From the data below, repeat exactly the lines from the line with "Edding Endüstriyel Markör" to the line with "To Let 4 Bedroom", both included.

- [DATA SHOWN]:

__________________________________________________

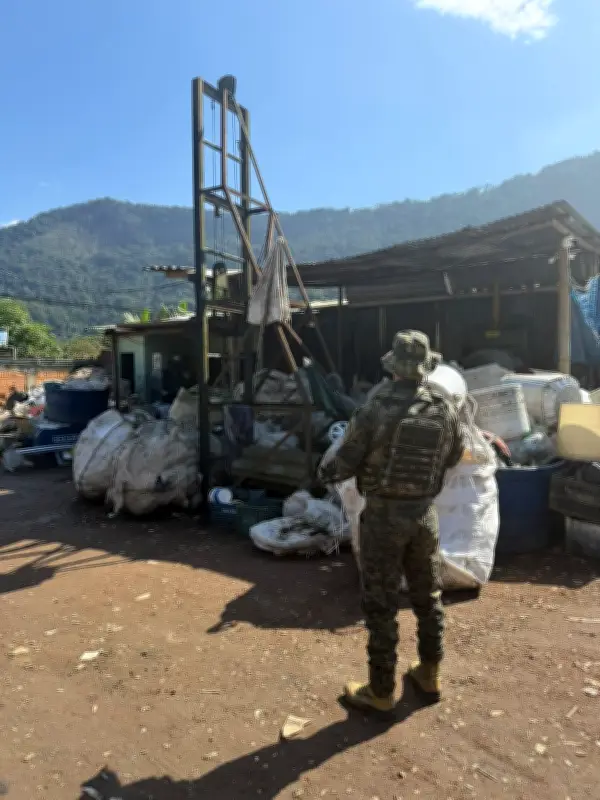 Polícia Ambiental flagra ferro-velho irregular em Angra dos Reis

__________________________________________________

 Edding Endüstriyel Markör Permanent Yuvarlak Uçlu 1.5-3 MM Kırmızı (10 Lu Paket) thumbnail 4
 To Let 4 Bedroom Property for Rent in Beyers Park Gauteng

__________________________________________________

- [PROBLEM SOLUTION]:
 Edding Endüstriyel Markör Permanent Yuvarlak Uçlu 1.5-3 MM Kırmızı (10 Lu Paket) thumbnail 4
 To Let 4 Bedroom Property for Rent in Beyers Park Gauteng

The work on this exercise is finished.